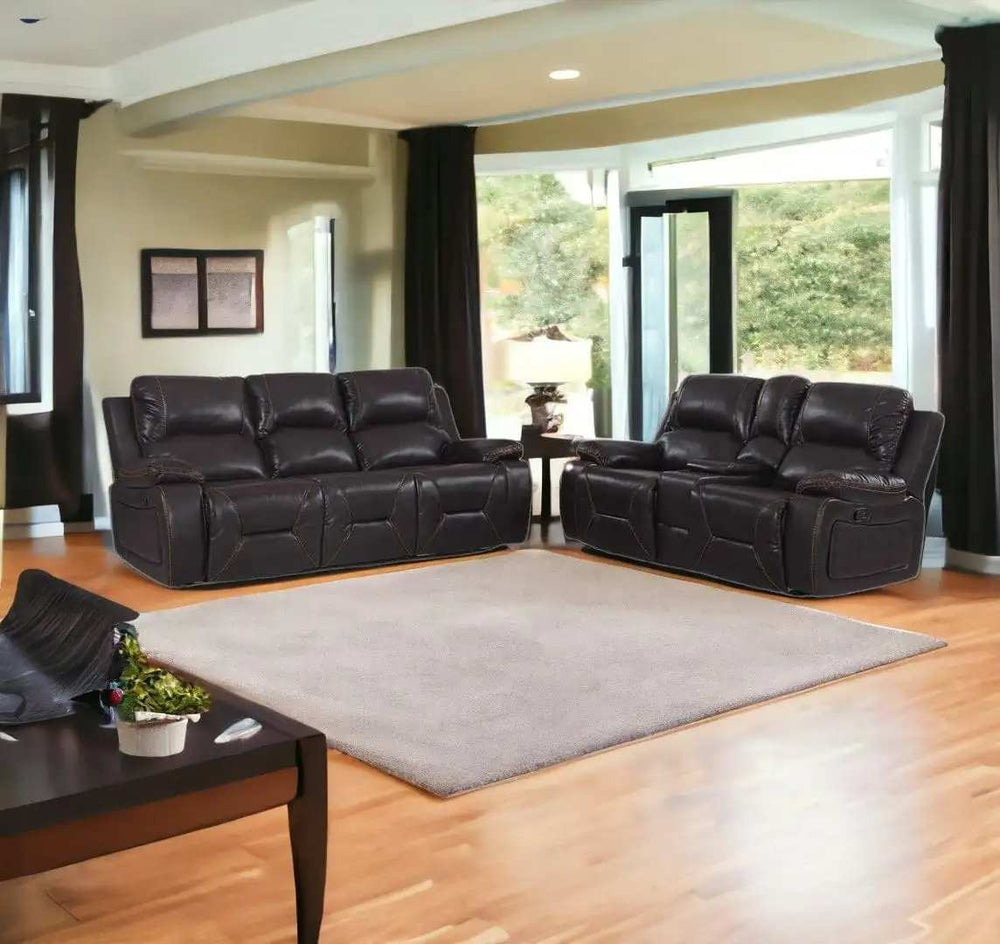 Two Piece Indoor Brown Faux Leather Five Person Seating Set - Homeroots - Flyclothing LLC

•••

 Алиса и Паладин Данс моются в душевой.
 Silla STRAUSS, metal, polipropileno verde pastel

•••

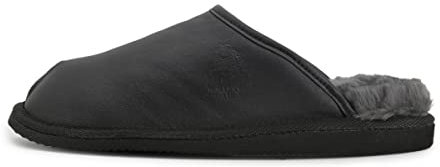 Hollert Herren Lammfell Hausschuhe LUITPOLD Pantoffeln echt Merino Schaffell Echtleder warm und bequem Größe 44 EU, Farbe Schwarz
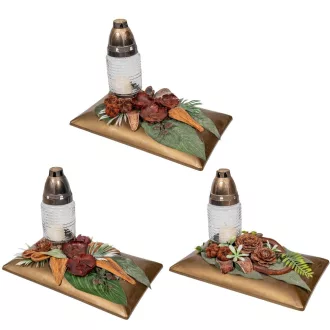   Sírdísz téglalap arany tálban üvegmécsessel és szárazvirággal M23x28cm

•••

Problem requirements -
Restate word for word the entries above, starting at the line with "Алиса и Паладин Данс моются в душевой." and ending at the line with "Silla STRAUSS, metal, polipropileno", inclusive, and no others.

Exercise answer -
 Алиса и Паладин Данс моются в душевой.
 Silla STRAUSS, metal, polipropileno verde pastel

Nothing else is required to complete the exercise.